Em crítica mordaz, o autor sublinha: é como se um novo princípio jurídico pairasse sobre a Constituição, subjugando-a, o Princípio da Supremacia do Software.

6/10/2011

Renato Lúcio de Toledo Lima

Software vs. contribuintes: a batalha das sociedades profissionais pela alíquota fixa do ISSQN

Antigamente, para que o debatedor desistisse de argumentar, evocava-se uma expressão de cunho religioso que, embora com algumas variações, mantinha sempre o mesmo sentido: Deus quis assim. Com isso, o interlocutor conformava-se e baixava armas. Dava-se por vencido, ante o intransponível oponente.

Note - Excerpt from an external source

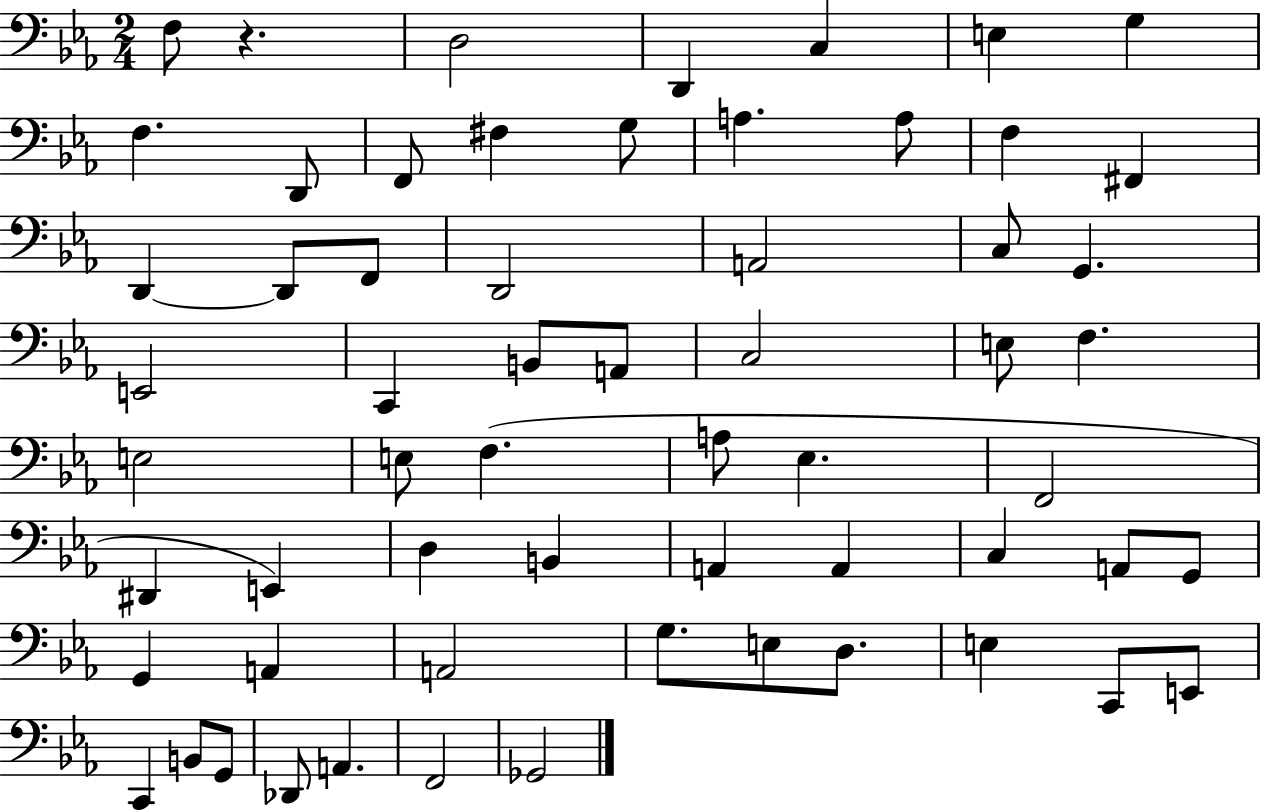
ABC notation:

O artifício para vencer contendas de argumentos ainda existe, mas sob outra evocação, quiçá mais poderosa se considerados os valores morais vigentes, cristalizada na expressão "o sistema não aceita". Tal negativa apanha o postulante em sua mais profunda fragilidade. Não causa indignação; desola. Isso significa que seu pedido não será atendido simplesmente porque o programador responsável pelo software não previu essa circunstância ao criá-lo.

Religião, conquanto não deva, pode ser discutida. Não há, porém, argumentação contra o sistema. Ele é o limite.

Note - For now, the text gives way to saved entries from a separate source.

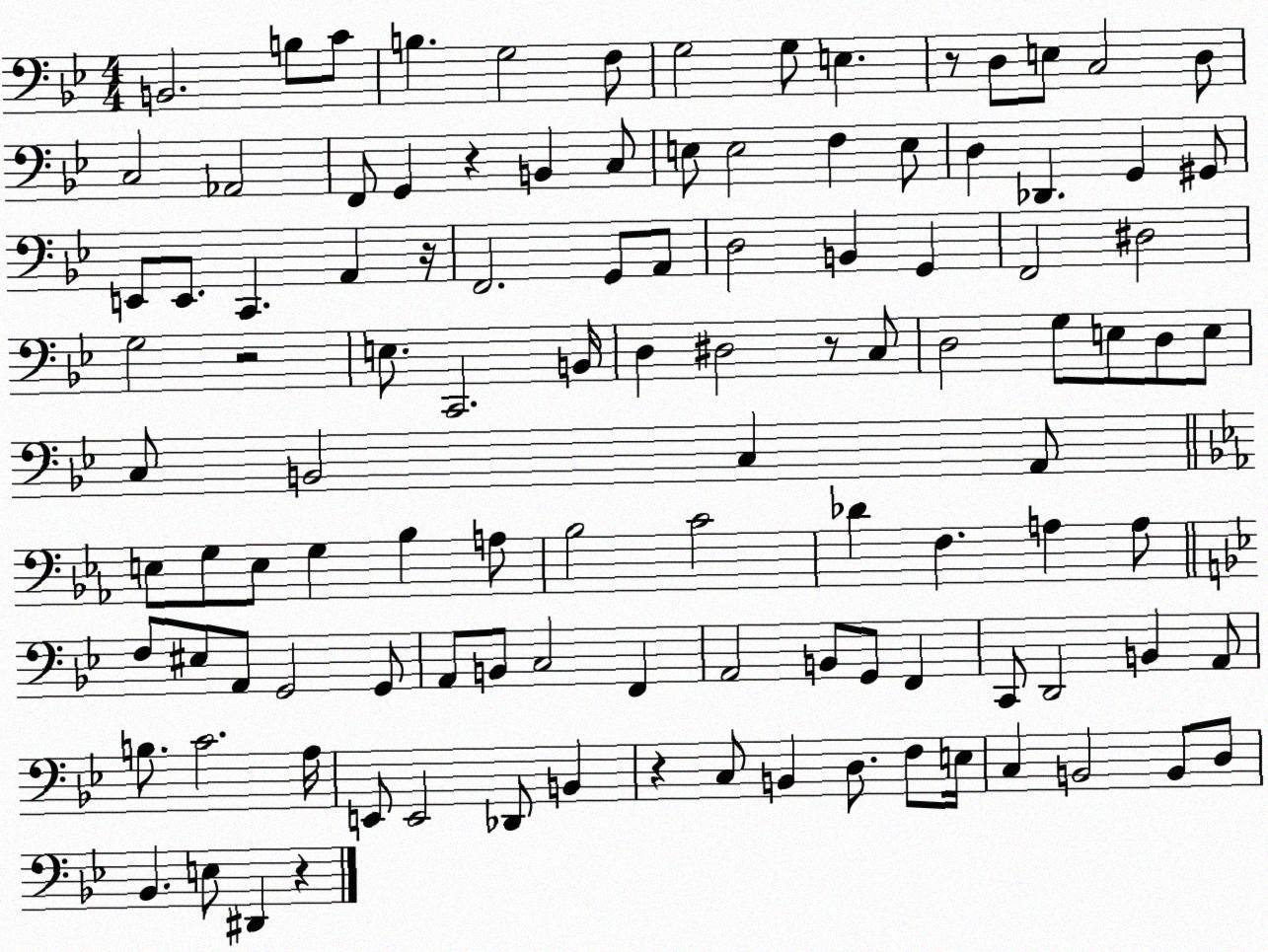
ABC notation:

X:1
T:Untitled
M:4/4
L:1/4
K:Bb
B,,2 B,/2 C/2 B, G,2 F,/2 G,2 G,/2 E, z/2 D,/2 E,/2 C,2 D,/2 C,2 _A,,2 F,,/2 G,, z B,, C,/2 E,/2 E,2 F, E,/2 D, _D,, G,, ^G,,/2 E,,/2 E,,/2 C,, A,, z/4 F,,2 G,,/2 A,,/2 D,2 B,, G,, F,,2 ^D,2 G,2 z2 E,/2 C,,2 B,,/4 D, ^D,2 z/2 C,/2 D,2 G,/2 E,/2 D,/2 E,/2 C,/2 B,,2 C, A,,/2 E,/2 G,/2 E,/2 G, _B, A,/2 _B,2 C2 _D F, A, A,/2 F,/2 ^E,/2 A,,/2 G,,2 G,,/2 A,,/2 B,,/2 C,2 F,, A,,2 B,,/2 G,,/2 F,, C,,/2 D,,2 B,, A,,/2 B,/2 C2 A,/4 E,,/2 E,,2 _D,,/2 B,, z C,/2 B,, D,/2 F,/2 E,/4 C, B,,2 B,,/2 D,/2 _B,, E,/2 ^D,, z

Muitas prefeituras, acompanhando as inovações tecnológicas e aproveitando as vantagens de adotar meios de controle de arrecadação mais céleres e eficazes, implantaram em suas secretarias de finanças softwares desenvolvidos especialmente para atender seus anseios. O contribuinte insere online as declarações que prestaria ao Fisco a título de obrigação acessória e, a partir delas, gera a guia de recolhimento do tributo, já calculada pelo sistema a partir das informações fornecidas pelo próprio contribuinte. Louvável!

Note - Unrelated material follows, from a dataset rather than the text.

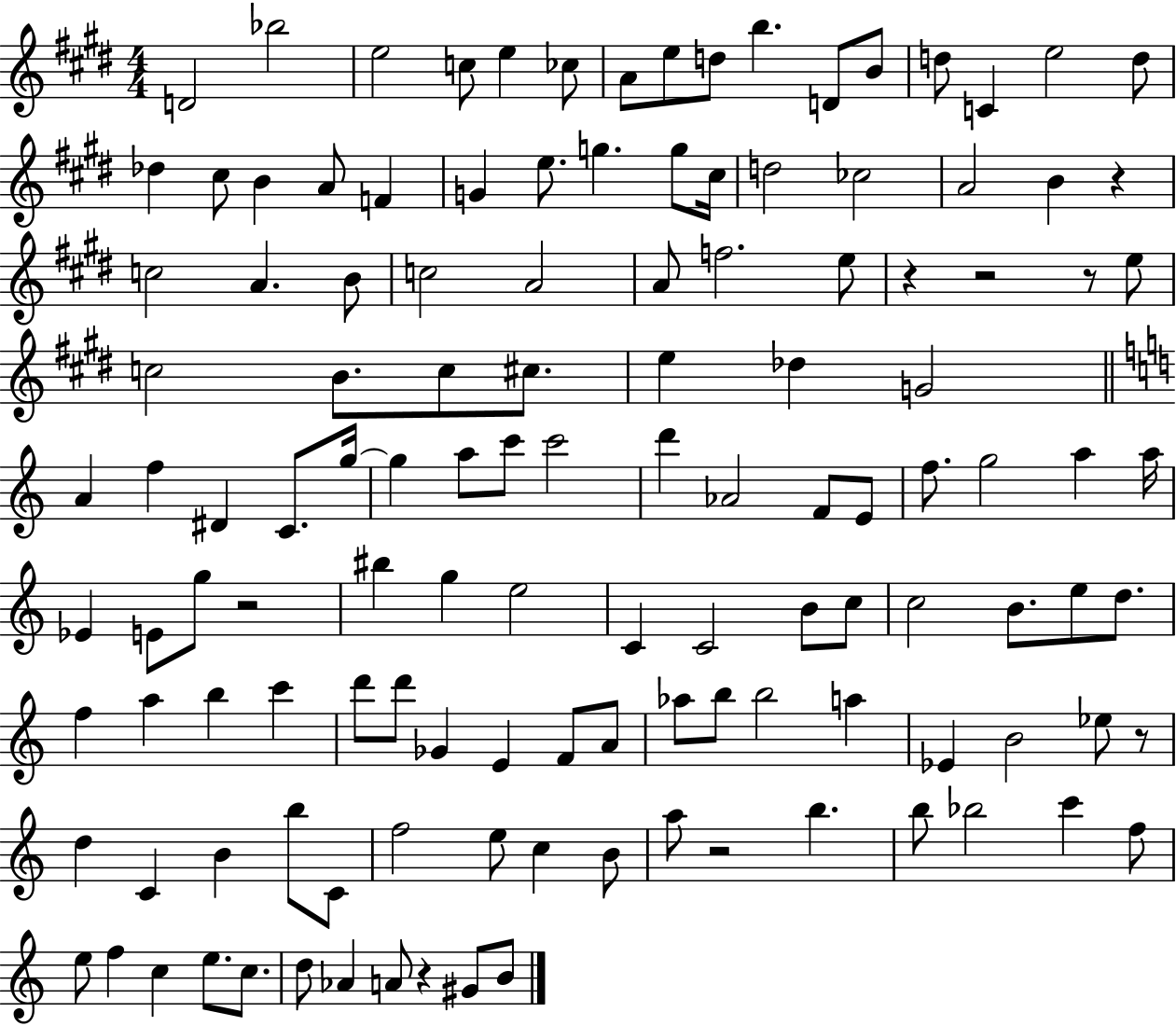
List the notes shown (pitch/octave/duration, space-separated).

D4/h Bb5/h E5/h C5/e E5/q CES5/e A4/e E5/e D5/e B5/q. D4/e B4/e D5/e C4/q E5/h D5/e Db5/q C#5/e B4/q A4/e F4/q G4/q E5/e. G5/q. G5/e C#5/s D5/h CES5/h A4/h B4/q R/q C5/h A4/q. B4/e C5/h A4/h A4/e F5/h. E5/e R/q R/h R/e E5/e C5/h B4/e. C5/e C#5/e. E5/q Db5/q G4/h A4/q F5/q D#4/q C4/e. G5/s G5/q A5/e C6/e C6/h D6/q Ab4/h F4/e E4/e F5/e. G5/h A5/q A5/s Eb4/q E4/e G5/e R/h BIS5/q G5/q E5/h C4/q C4/h B4/e C5/e C5/h B4/e. E5/e D5/e. F5/q A5/q B5/q C6/q D6/e D6/e Gb4/q E4/q F4/e A4/e Ab5/e B5/e B5/h A5/q Eb4/q B4/h Eb5/e R/e D5/q C4/q B4/q B5/e C4/e F5/h E5/e C5/q B4/e A5/e R/h B5/q. B5/e Bb5/h C6/q F5/e E5/e F5/q C5/q E5/e. C5/e. D5/e Ab4/q A4/e R/q G#4/e B4/e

O que não se pode consentir é que o sistema de informática suprima direitos dos contribuintes. É fato que muitos municípios – e não se descarta a hipótese de que o fizeram de propósito – não incluíram nos softwares a previsão do cálculo e geração de guia de recolhimento do imposto sobre serviço na modalidade de alíquota fixa, para sociedades profissionais.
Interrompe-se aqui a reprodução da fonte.